Data excerpts below:

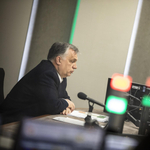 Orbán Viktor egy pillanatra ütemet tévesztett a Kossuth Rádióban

End of Data excerpts.
Data excerpts below:

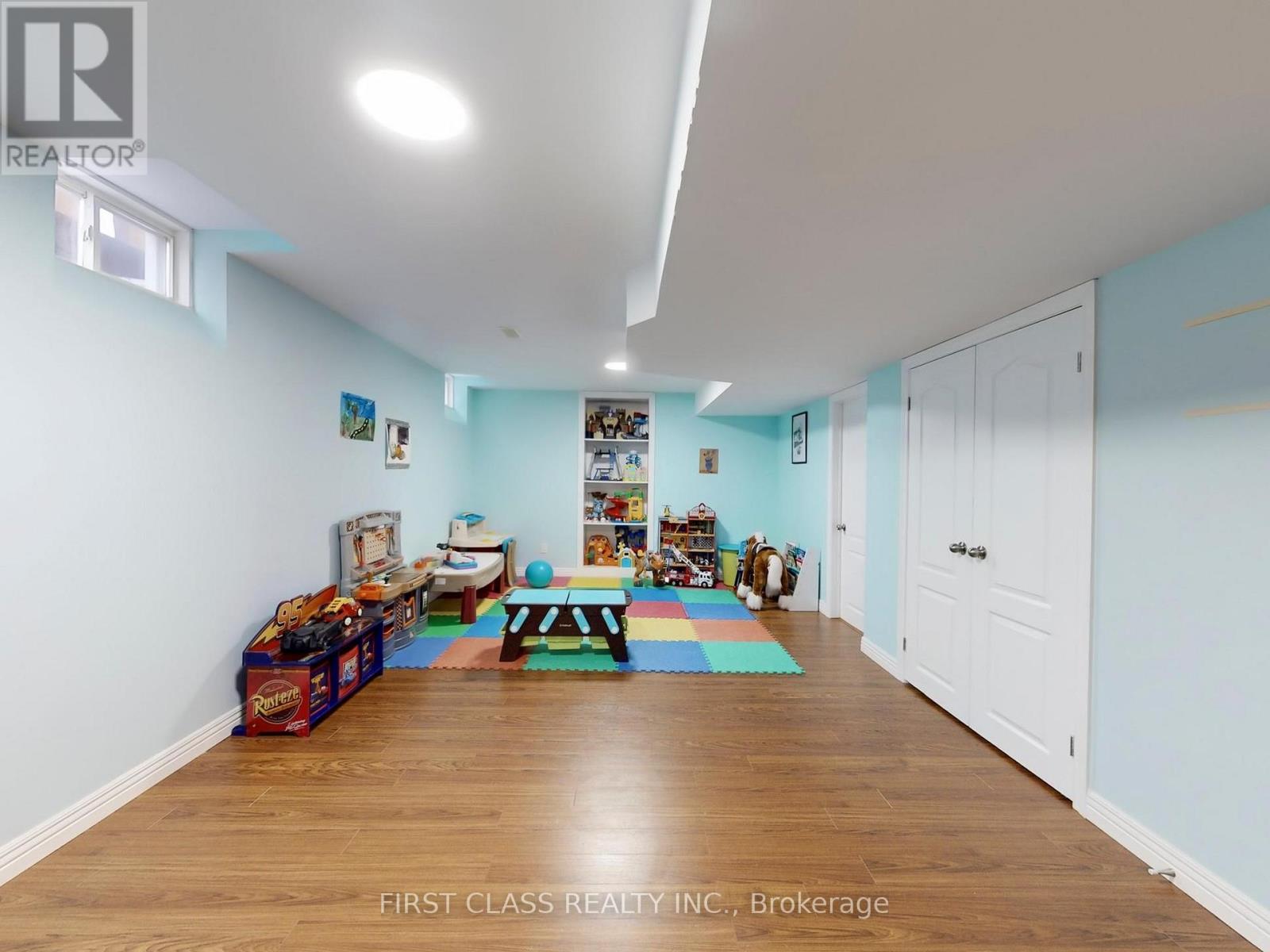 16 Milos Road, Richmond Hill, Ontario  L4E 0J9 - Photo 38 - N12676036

End of Data excerpts.
Data excerpts below:

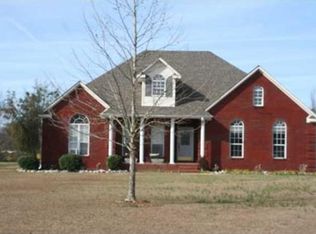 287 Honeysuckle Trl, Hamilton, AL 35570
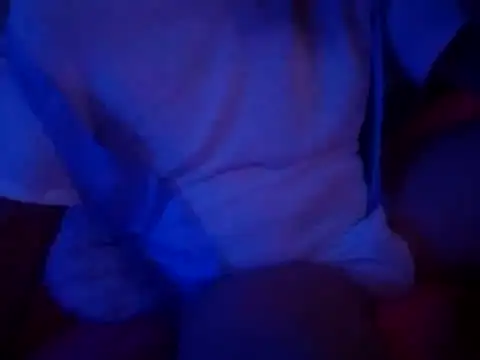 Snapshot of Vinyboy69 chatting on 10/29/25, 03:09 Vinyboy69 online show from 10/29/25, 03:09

End of Data excerpts.

Task item: Look above for the line with "287 Honeysuckle Trl, Hamilton, AL 35570" and the line with "Snapshot of Vinyboy69". Copy them and every line between, exactly, but no pictures.

The answer:
 287 Honeysuckle Trl, Hamilton, AL 35570
 Snapshot of Vinyboy69 chatting on 10/29/25, 03:09 Vinyboy69 online show from 10/29/25, 03:09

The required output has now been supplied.